En son söz vermiştim bowling oynamaya gidecektik 'kısa bir duş alıp çıkacağım' dedim onu on beş dakikalığına odada yalnız bıraktım, geri döndüğümde yoktu orda

Telefonu alıp arayım derken mesajları gördüm o kız bırakmıyordu peşimi her yerden engelliyordum ama gene bir şekilde ulaşıyordu bana

Elif'i arayıp açıklama yapamazdım asla dinlemezdi beni biraz sakinleşmesi için zaman verdim

Akşam kapı zilini duyduğumda Elif'in geldiğini düşünmüştüm ama karşımda gene o kız vardı ne ismini biliyordum ne başka bir şeyini

Bağırmaya başladı fazla sarhoştu susturmaya çalıştıkca bağırdı en son tökezleyip düşecekken tuttum onu

Onu tutmamla dudaklarıma yapışması bir olmuştu anında ittirip kolundan tuttuğum gibi dışarı atmıştım

Eve geçip Elif'i tekrar beklemeye başlasam da gelmedi

Kısa süre sonra tekrar buluştuğumuzda ben yine biz olmaya hazırdım ama Elif sanki benden nefret ediyor gibi her seferinde kavga çıkarıyordu onun aksine ne kadar sakin kalmaya uğraşsam da Elif biz olmak istemiyor gibiydi ve en sonunda gitti bir daha da gelmedi

O günden sonra her gecemi barda geçirmeye başladım, arkadaşımın barının arka tarafında benim için ayırdığı odada kalıyordum gece gündüz demeden sürekli içiyordum

İçimdeki ateşi söndürmeye çalışıyordum

Papatya kokusunu almadan yaşamaya çalışıyordum

Şimdi doyasıya alıyorum ama gene kaybolacak diye ödüm kopuyordu

"ben artık seni kaybetmek istemiyorum"

Benim nefes almamı sağlayandan uzaklaşmak istemiyorum

"artık senden ayrı kalmak istemiyorum"

Ne oldurdu artık benimle kalsa, ne olurdu benim nefes almamı sağlasa?

"bıkarmanı istemiyorum"

Bana ait olmayan hıçkırık sesi dikkatimi çekti

"Elif?"

Yavaşca kalktı göğsümden gene gidecek diye korksam da bir anda boynuma sarılması korkularımı da alıp götürdü

Hafif doğrularak sımsıkı sardım bedenini kollarımla

"özür dilerim, biliyorum yaptıklarımdan sonra özrün bir önemi yok ama elimden sadece bu geliyor, özür dilerim yaşattıklarım için özür dilerim canını yaktığım için özür dilerim bizi bu duruma getirdiğim için aşkımızı bir çırpıda harcadığım için senin bu hale gelmene sepep olduğum için hayallerimizin üzerini kapkara anılarla kapattığım için özür dilerim"

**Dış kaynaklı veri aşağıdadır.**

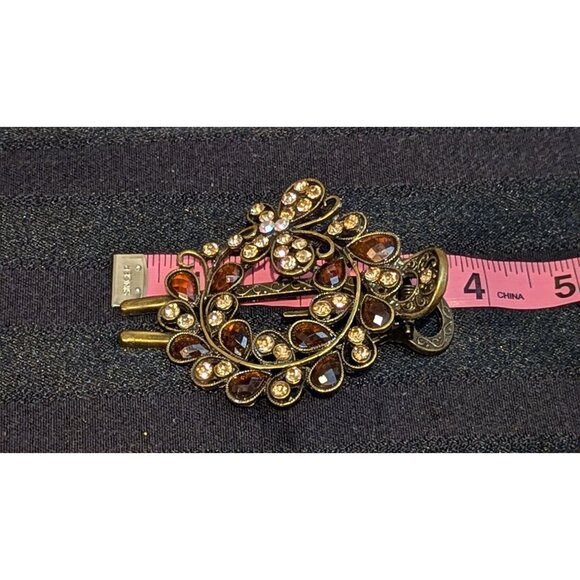 Vintage Gold Tone Rhinestone Butterfly & Floral Hair Clip - Picture 3 of 4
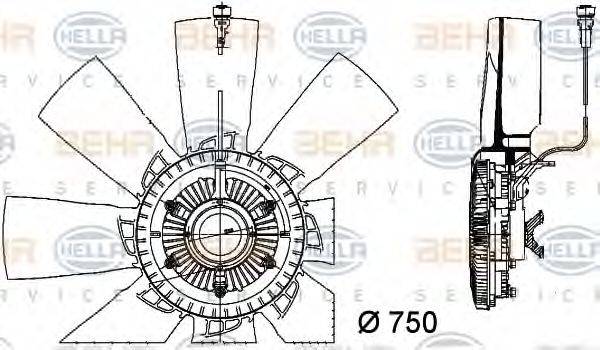 HELLA 8MV376757131 Вентилятор, охлаждение двигателя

Kollarımı gevşetip yüzünü *avuçlarımın arasına aldım ve anlına bir öpücük kondurdum "geçti Elif'im, herşey bitti artık, geçmişi hatırlamıyorum ben"

"özür dilerim"

"geçti güzelim, tekrar kollarımın arasındasın, tekrar nefes almamı sağladın, attık bitti bak birlikteyiz yine biziz, korkular yalnızlıklar acılar bitti gitti, sen bana geldin ya bana sarıldın ya herşeyi unuttum ki ben" derin bir nefes alarak devam ettim "kızımızı da kurtaracağız o adamın elinden işte o zaman bizim de masalımız mutlu sonsuz olacak

"ama Çağla'yı gördün, o Murat'la daha mutlu gibi duruyordu, belki de onun mutluluğu için ben yüreğimdeki boşluğa alışmalıyım"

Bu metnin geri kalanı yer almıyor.